1.5 - Why Measuring is Important!
The Mars Climate Orbiter
Designed to orbit Mars as the first interplanetary weather satellite, the Mars Orbiter was lost in 1999 because the NASA team used metric units while a contractor used imperial. The $125m probe came too close to Mars as it tried to manuever into orbit, and is thought to have been destroyed by the planet's atmosphere. An investigation said the "root cause" of the loss was the "failed translation of English units into metric units" in a piece of ground software.
The Vasa warship
In 1628, crowds in Sweden watched in horror as a new warship, Vasa, sank less than a mile into her maiden voyage, with the death of 30 people on board. Armed with 64 bronze cannons, it was considered by some to be the most powerful warship in the world. Experts who have studied it since it was raised in 1961 say it is asymmetrical, being thicker on the port side than the starboard side.
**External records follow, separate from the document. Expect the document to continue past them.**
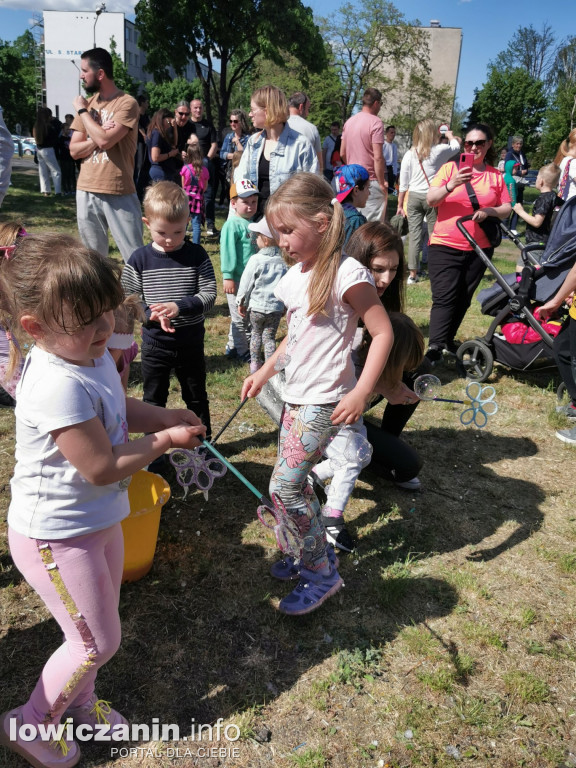 Festiwal Baniek Mydlanych przy ul. Starzyńskiego.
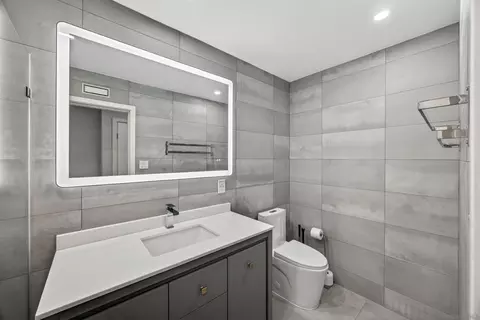 Bath - 2336 Kenwyn, Oceanside, CA 92054 photo 5 of 5
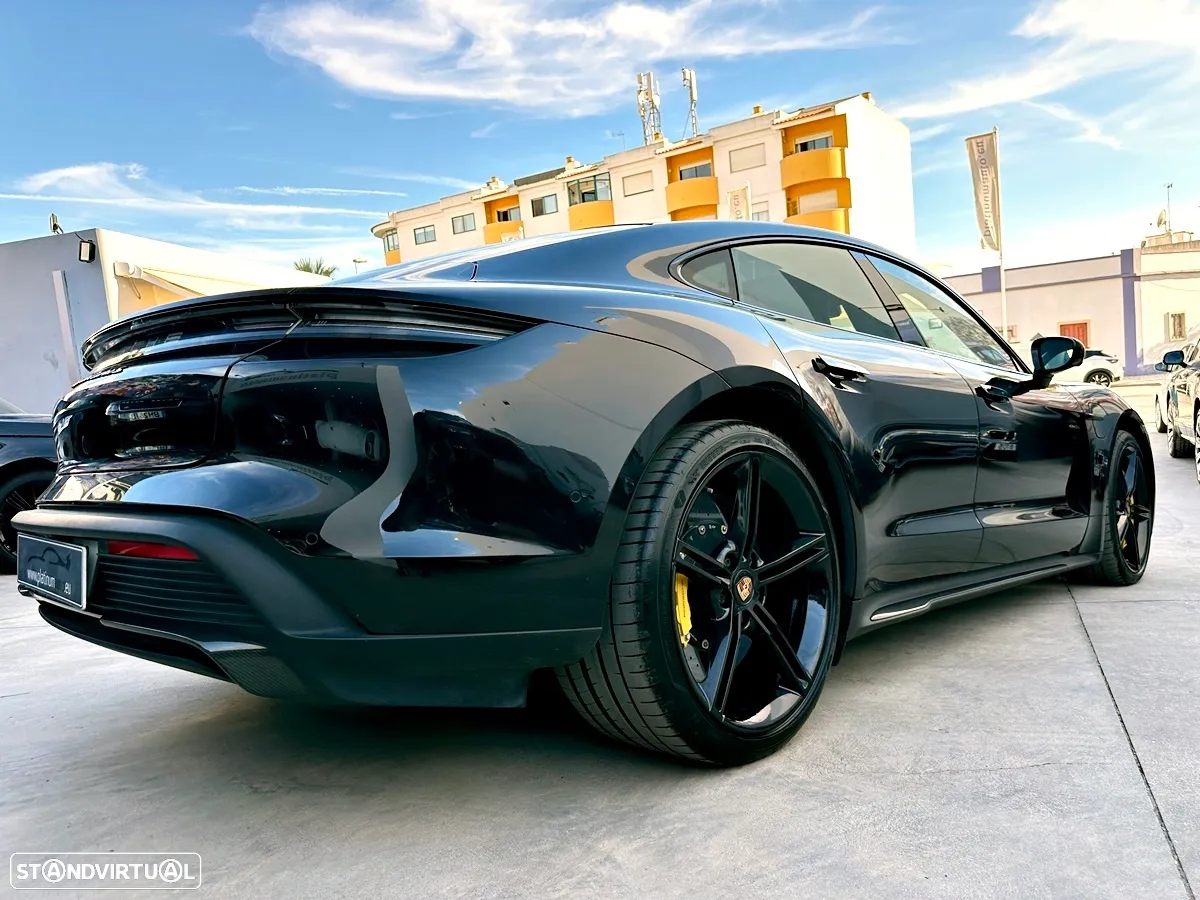 Porsche Taycan Turbo S - 48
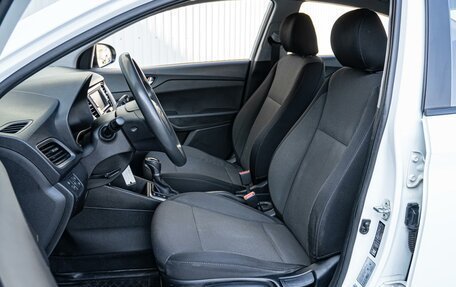 Hyundai Solaris II рестайлинг, 2017 год, 1 160 000 рублей, 10 фотография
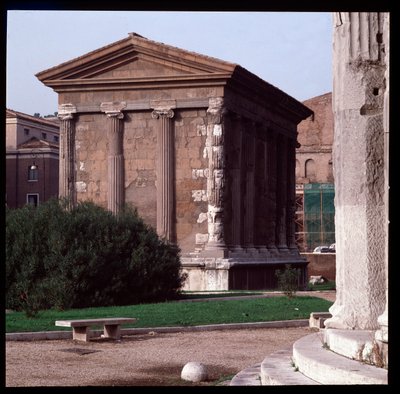 Romeinse kunst: uitzicht op de ruïnes van de Tempel van Portunus (tempel van mannelijke fortuin), archeologische site van het Boarium Forum, 70-80 AD, Rome, Italië door Roman
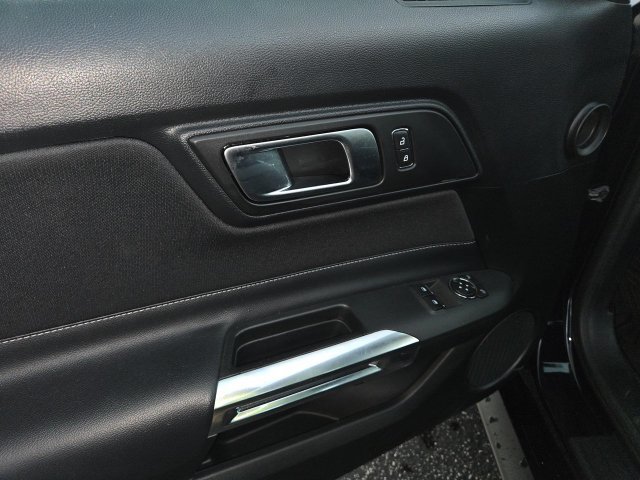 Used 2021 Ford Mustang GT RWD image 13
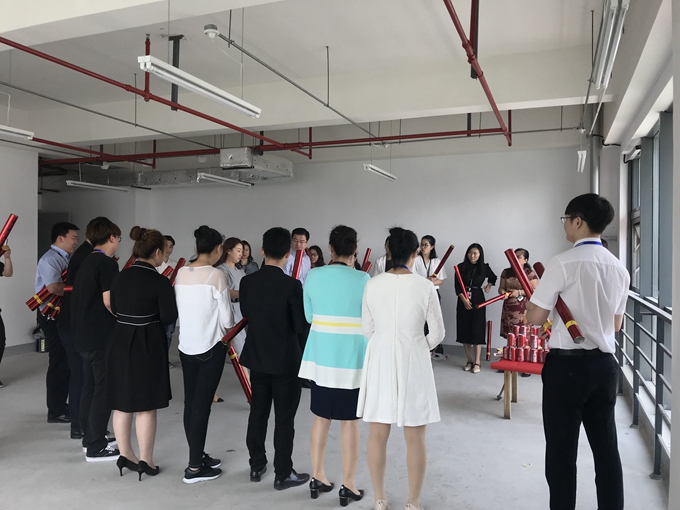上海壹隆企業(yè)辦公室裝修開工現(xiàn)場(圖3)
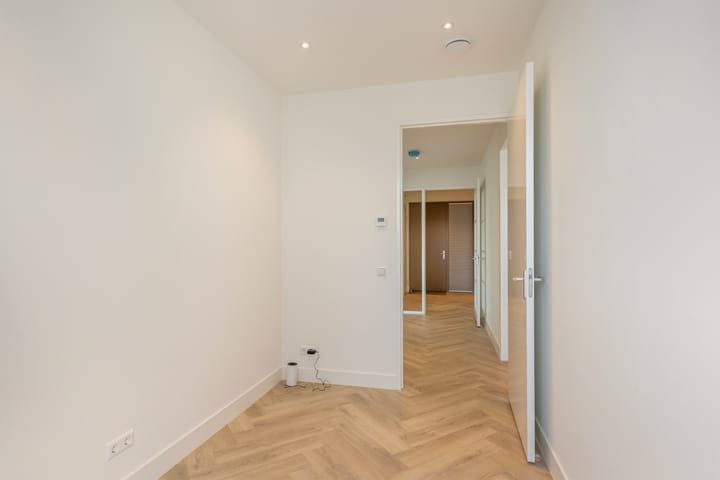 Photo 39 of Nancy Zeelenbergsingel 98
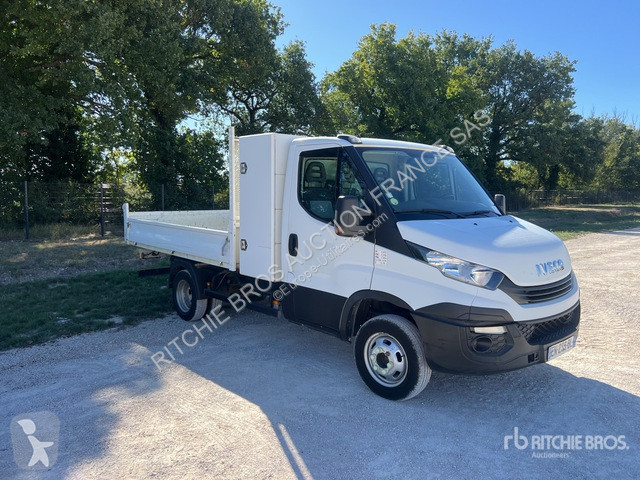 Véhicule utilitaire Iveco 35-120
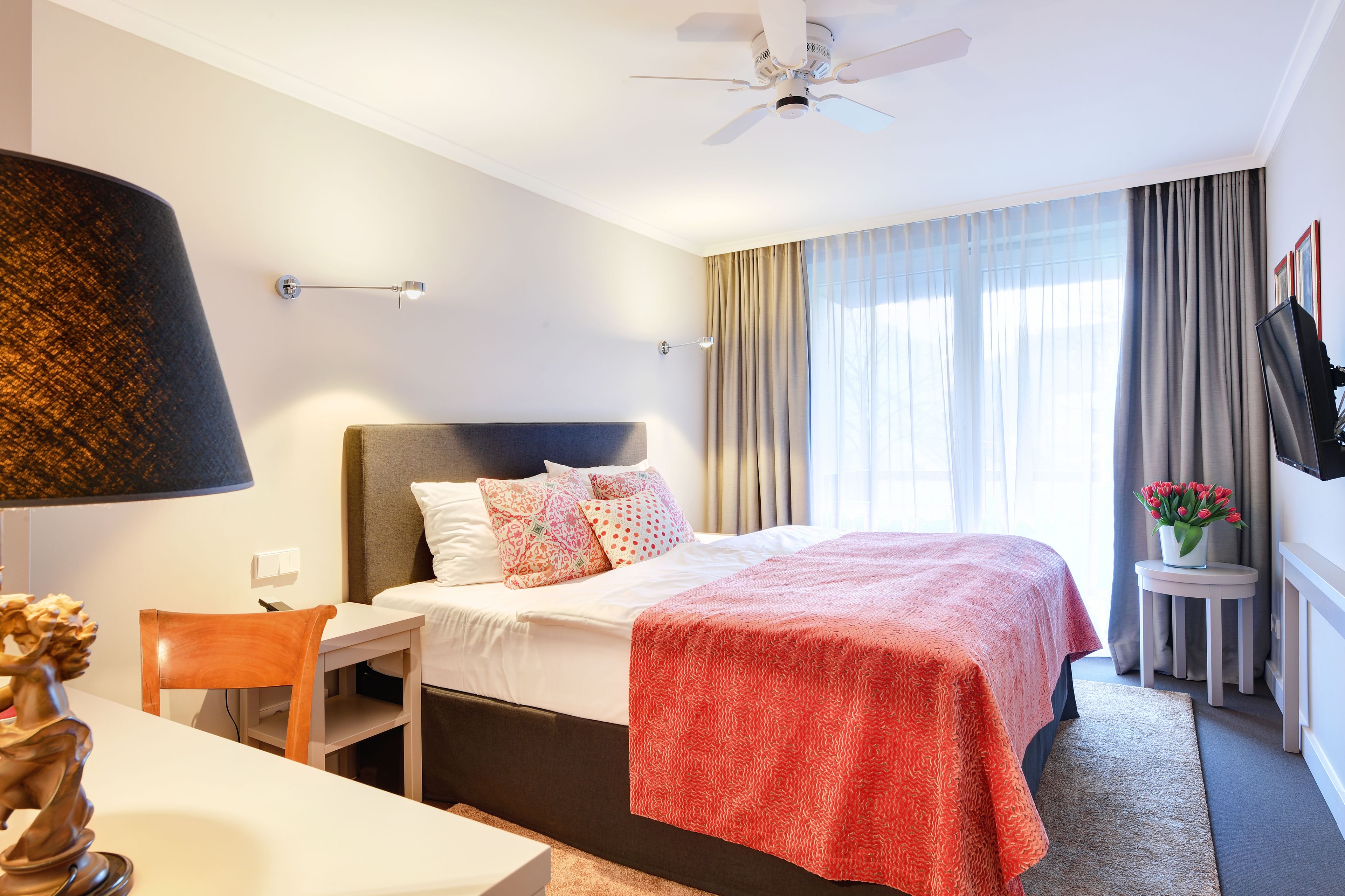 minibar, in-room safe, desk, soundproofing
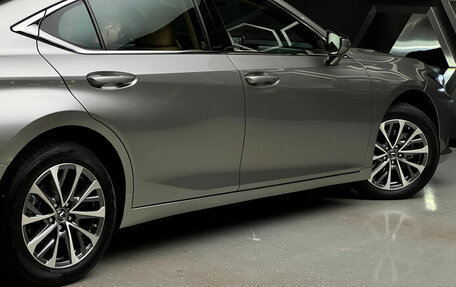 Lexus ES VII, 2025 год, 6 100 000 рублей, 10 фотография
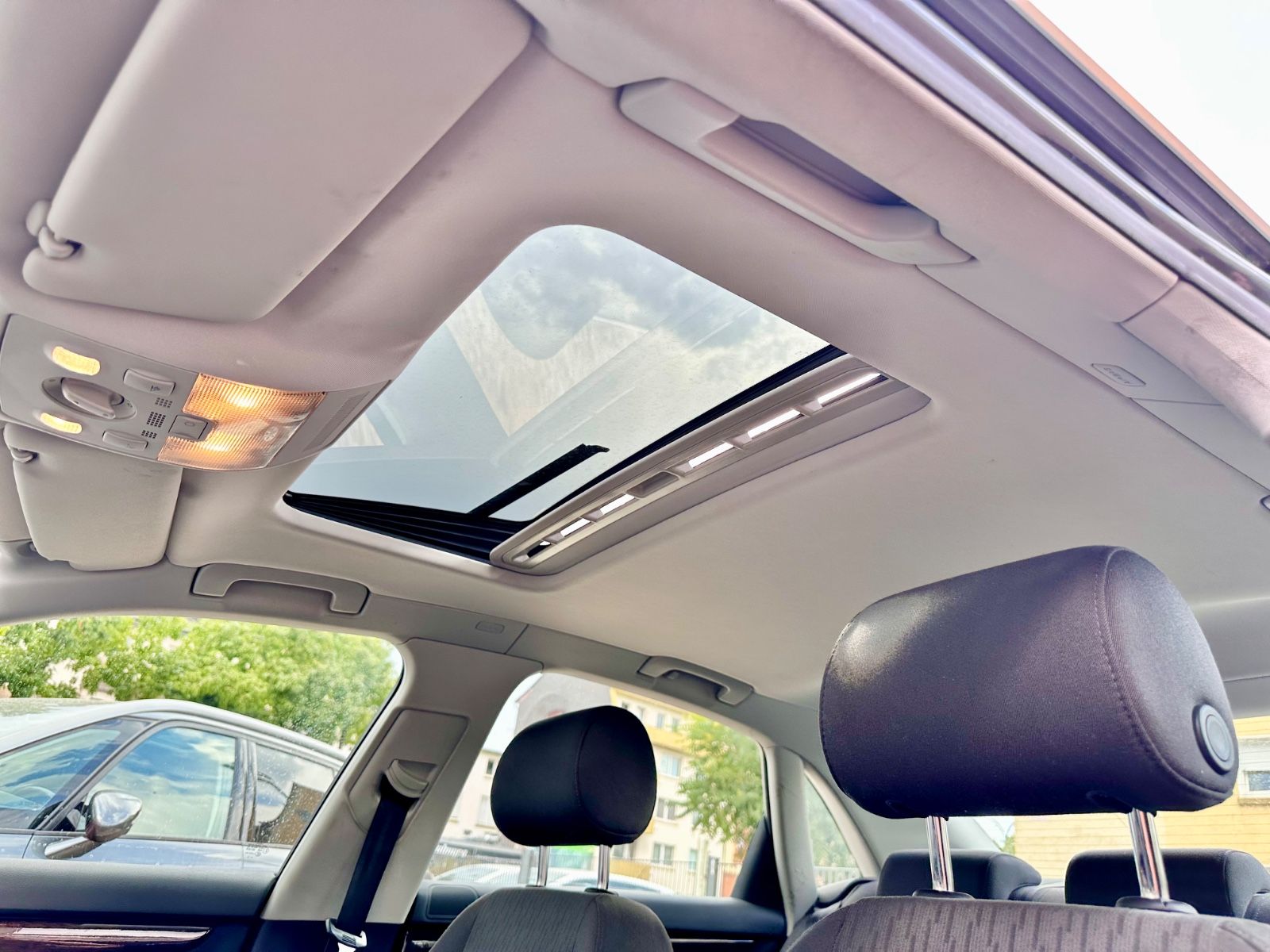 Fahrzeugabbildung Audi A4 163 PS Limousine *PDC+Automatik+Schiebedach*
One reason for this could be that the workmen were using different systems of measurement. Archaeologists have found four rulers used by the workmen who built the ship. Two were calibrated in Swedish feet, which had 12 inches, while the other two measured Amsterdam feet, which had 11 inches.
The Laufenburg bridge
What is sea level? It varies from one place to another, and different countries use different benchmarks. "For example, Britain has measured height in relation to mean sea levels in Cornwall, while France measures height in relation to sea levels in Marseille," says Dr Philip Woodworth, of the National Oceanography Centre Liverpool. Germany, for its part, measures height in relation to the North Sea, while Switzerland, like France, opts for the Mediterranean Sea. This caused a problem in Laufenburg, a town that straddles Germany and Switzerland. As two halves of a new bridge grew closer to one another in 2003, it became clear that, instead of being at the same height "above sea level", one side was 54cm higher than the other. Builders knew that there was a 27cm difference between the two versions of sea level - but somehow it was doubled, rather than cancelled out. The German side reportedly had to be lowered before the bridge could be completed.